The whole of the lectionary for the Traditional Mass is contained in the same book as the Missal, and it comprises a modest size book. As I said above, if one was to take the entire Novus Ordo with all of its options, extra prayers, and the lectionary with its endless options and substitutions, it would fall through the altar and wind up in the center of the earth (a good place for it if you ask me, and good riddance!)

Another problem is the fact that the lectionary was arranged by exegetes with sociological leanings (which could just as easily be written socialist), while the ancient Roman lectionary was arranged by St. Jerome one of the greatest of ancient doctors apart from Chysostom and Augustine, and apart from changes and modifications for the saints or new feasts, the propers for the year are unchanged. If we lined up the Traditional Lectionary with the calendar of the Eastern Church (or even that of the Orthodox), one will find striking similarities. Only one epistle reading, not two as in the Novus Ordo. A one year cycle, is unique to both calendars, and to liturgical tradition. The concept of a three, or two year lectionary is a novelty east and west and not even suggested by Vatican II. Sundays after Easter are called “Sundays after Pentecost” by both calendars, and the propers which must always be sung in a Divine Liturgy match up to the epistle and Gospel reading. Lastly, the readings must be sung in the Divine Liturgy, just as they must at a Tridentine High Mass. The Traditional lectionary is linked with and grew out of the common heritage of liturgical development which in spite of different cultures, locations and circumstances, share characteristics coming form ancient practice.
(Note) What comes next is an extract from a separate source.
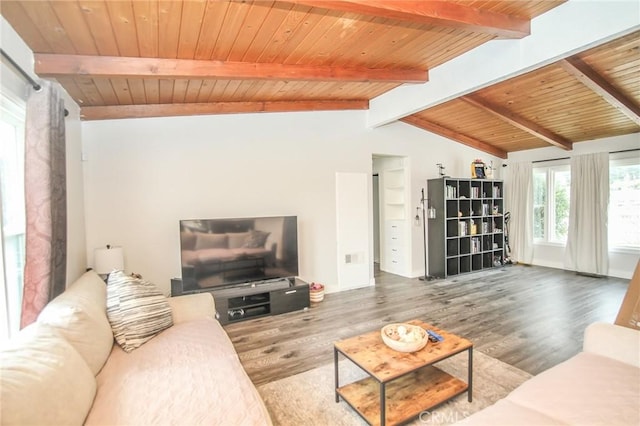 living area with lofted ceiling with beams, wood finished floors, and wood ceiling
Therefore, for both practical and liturgical reasons, the New Lectionary is a complete and useless novelty, inferior to Catholic tradition, just like everything else in the Novus Ordo. Yet one may ask, how could one reform the Traditional lectionary? There are several Masses for different types of saints, and when there is no regular reading for the saints, the regular readings from the Mass Os Justi, or some such Mass will be used over and over again, sometimes within the same week. So texts could be found which would match the life of the saint, while this is often not done in the Novus Ordo, and as Dr. Kwasniewski notes in the article I linked, the readings for St. Therese in the Traditional Mass make sense, whereas the ones in the new rite follow the baneful 2 year cycle and have nothing to do with her.

There is but one more consideration. At the average Traditional Mass, one will hear more scripture than at the Novus Ordo if one is to take the whole of the liturgy into account. The Mass begins with Psalm 42, many of the responses are actually quotes from the Psalms (Adjutorium nostrum…Psalm 69, etc.), a good portion of the offertory prayers are from scripture directly, including all of Psalm 25, many parts of the canon and the priests communion come directly from scripture, not to mention the Last Gospel (John 1:1-18) and the fact that the propers are never skipped, while in the Novus Ordo encoutnered by 99% of Catholics in the world they are generally skipped, and or are repeats from a series of options while in the Traditional Liturgy they are different every Sunday and saints day.

Like all things, the simple fruits of tradition are better than the ugly creations of modernity.